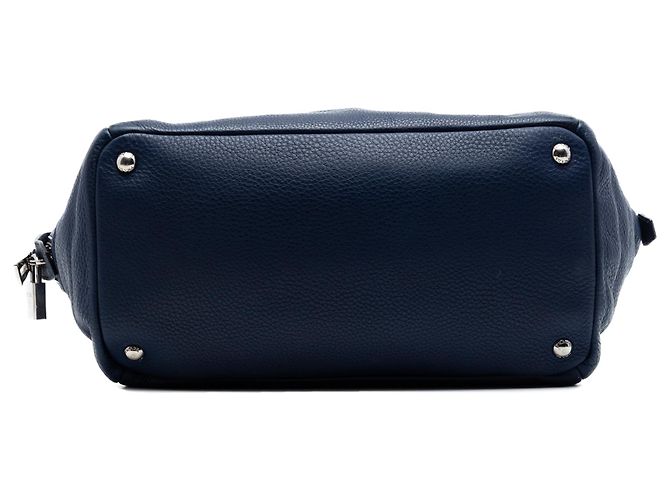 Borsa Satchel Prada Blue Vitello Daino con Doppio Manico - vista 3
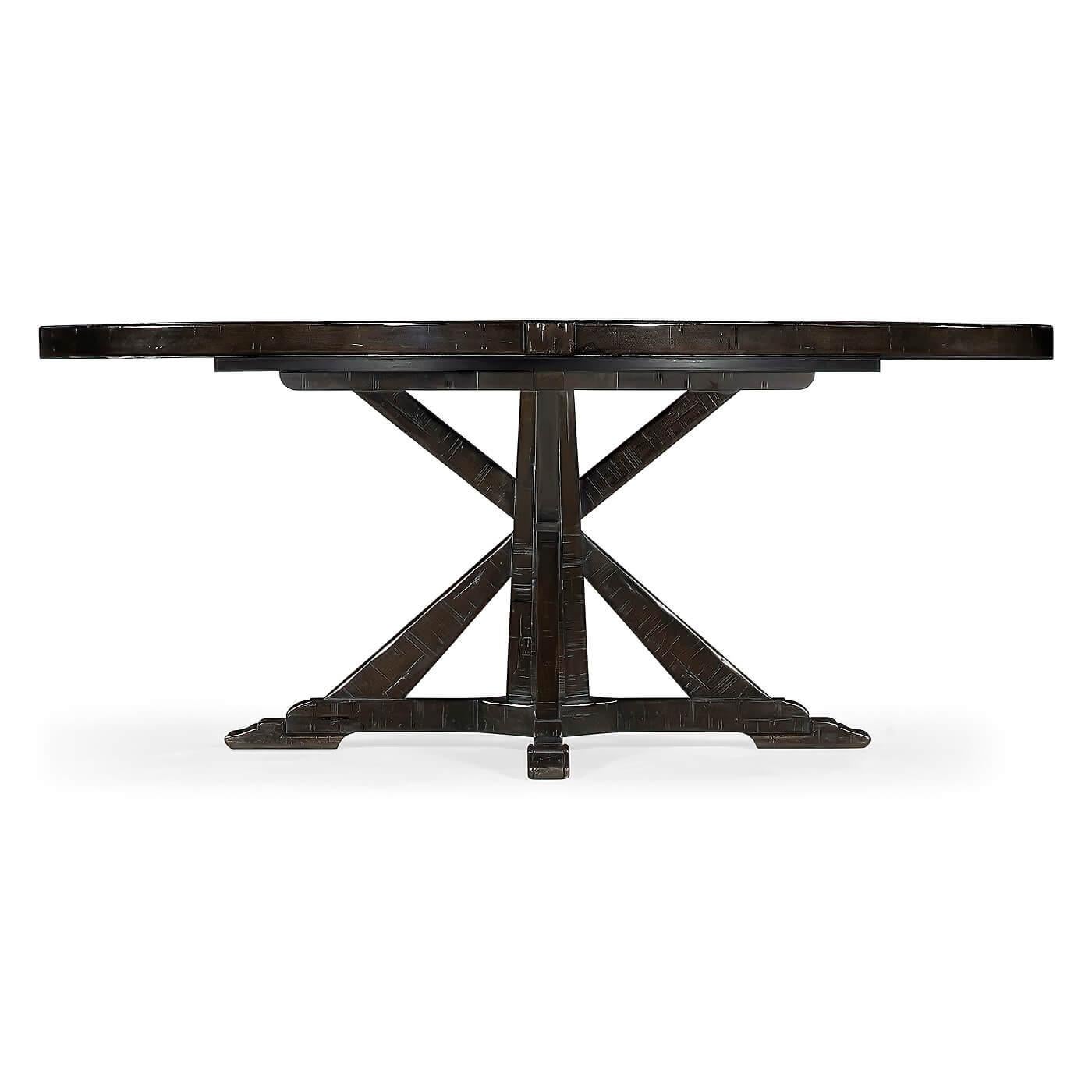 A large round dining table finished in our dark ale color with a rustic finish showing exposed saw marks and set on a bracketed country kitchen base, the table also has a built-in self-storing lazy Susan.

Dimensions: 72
* * *
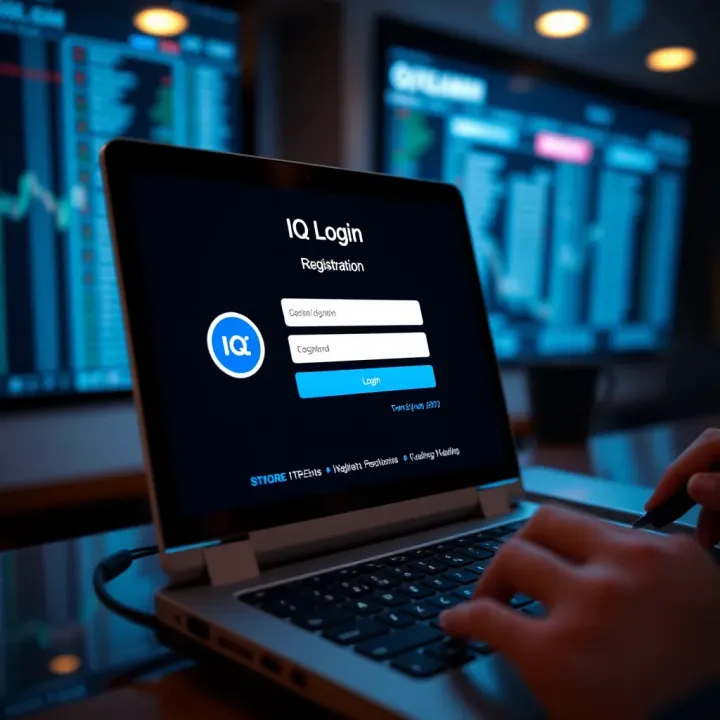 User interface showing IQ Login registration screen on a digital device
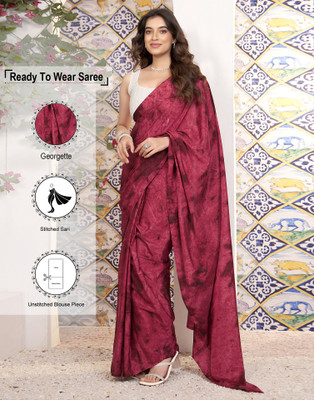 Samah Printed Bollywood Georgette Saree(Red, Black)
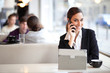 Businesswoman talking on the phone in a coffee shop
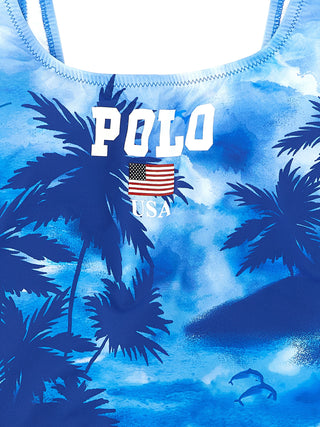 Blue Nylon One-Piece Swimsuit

TASK OBJECTIVE: A clean copy is needed of the lines above from the one with "A large round" up to and including the one with "Dimensions: 72". Please set it down exactly, with no pictures.

ANSWER TO THIS TASK:
 A large round dining table finished in our dark ale color with a rustic finish showing exposed saw marks and set on a bracketed country kitchen base, the table also has a built-in self-storing lazy Susan.

Dimensions: 72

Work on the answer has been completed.